=== THE TASK ===
A letter-for-letter copy of the listing is required, with no pictures in it.

=== GIVEN DATA ===
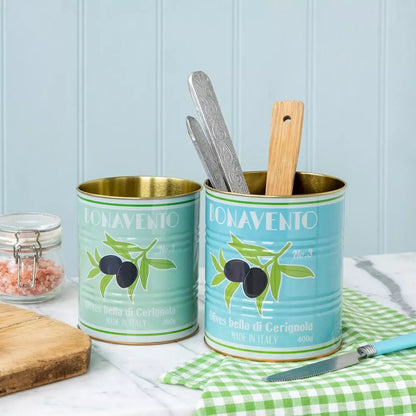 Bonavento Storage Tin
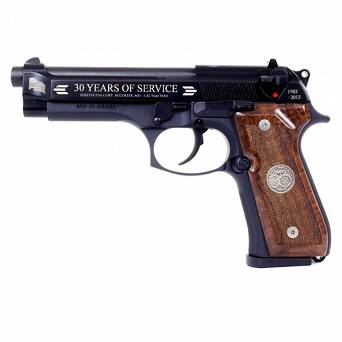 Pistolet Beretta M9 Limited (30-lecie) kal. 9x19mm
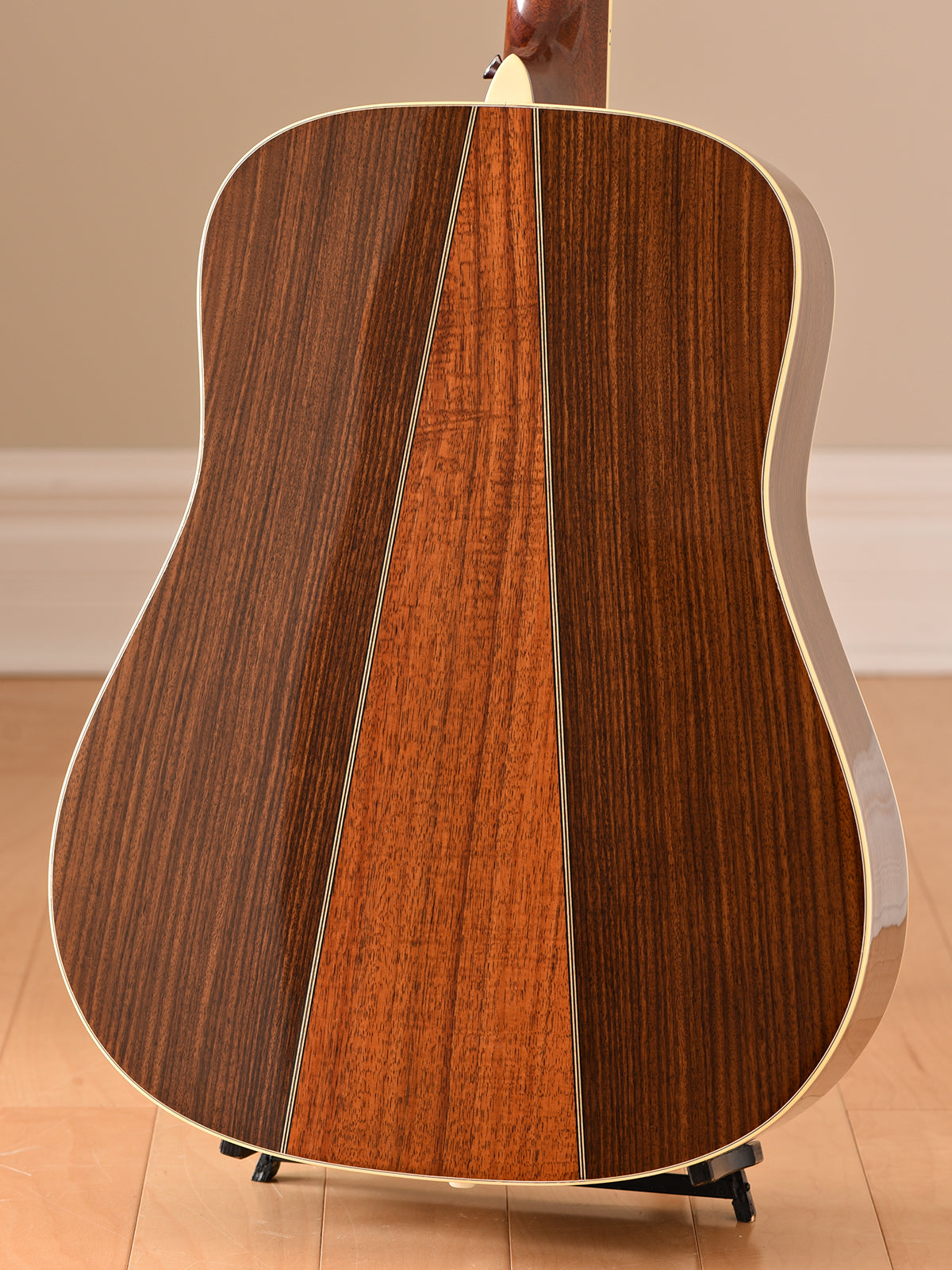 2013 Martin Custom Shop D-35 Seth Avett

=== EXERCISE OUTPUT ===
 Bonavento Storage Tin
 Pistolet Beretta M9 Limited (30-lecie) kal. 9x19mm
 2013 Martin Custom Shop D-35 Seth Avett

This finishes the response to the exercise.